Today is the start of our weekly study God Who Are You? At the Well. Go check it out,if you haven't! It's really wonderful and I am learning more about the God I serve.
Today's Discussion Question: Who is the master of your life? Who are you allowing to rule over you? Your job? Baggage from the past? Unforgiveness? Hatred? Anger? Unhappiness? Your children?
What a question! I realized over the past week that I am allowing fear to rule my life. I used to be bound by the horror type fear from movies I was exposed too by family and movies I watched myself. It was horrible! It got to the point of me laying in bed at night (when I lived with my parents) and praying myself to sleep I was so terrified! My Daddy loves the sci-fi channel and that fear spirit was in our home so strong or to me it was (Praise the Lord, he accepted Christ 2 years ago and realized that sort of stuff isn't healthy for anyone). In 2006 I was set free from that fear. It feels amazing to not be scared to walk through a house in the dark at night or to stay at home all night without my husband when he has to work nights. I am no longer scared of the dark. Those things can bring such a fear upon someone, so I believe it's imperative we are careful what we lay our eyes upon,even as David speaks about in the Psalm 101:3, I will set no wicked thing before mine eyes: I hate the work of them that turn aside; it shall not cleave to me.
But as I said above, I realized another fear has taken hold of me. It was so subtle I didn't recognize it. The fear of failing has been binding me. Most days I don't feel I'm cut out to be a Mother. Wow, it is so overwhelming.

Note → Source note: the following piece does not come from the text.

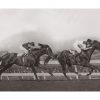 Photo d'époque Equitation n°39 - W.S. Cox Plate - photographe Victor Forbin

I feel so small and so no equipped. After a failed VBAC, my confidence was really hit hard. I tried so hard to have a VBAC and if that wasn't enough, I couldn't breastfeed as long as I desired either. That was the kicker. You ladies know how those hormones are after having a baby,WACK! I slowly let those things make me feel like I could do nothing. I was afraid to take the boys out by myself because I thought I just can't do this,it's too hard. I was afraid to travel to see family without my husband because I thought there is no way I can handle them both. It just took over my daily life. I realized that yesterday on my way to visit the in-laws. God showed me I can do those things and more! If I will lean on Him and not myself! I truly desire to be the Mother God wants me to be everyday. Is it hard? YES! If someone tells you it's not,they have no clue. I know that with the Holy Spirit working through me I can do the things I see as hard and do it with confidence. Beth Moore has been doing a study on our confidence in Christ and I have gained so much from it! I am a daughter of the King of Kings!! I have the right to have confidence in myself through Christ! I don't have to let the devil beat me down,I can,but I choose not too! So I have decided to not let the fear bind me any longer. I will never grow if I let the fear of failure hold me back! I can do all things through Christ which strengthens me!
Have a blessed day! What is holding you back?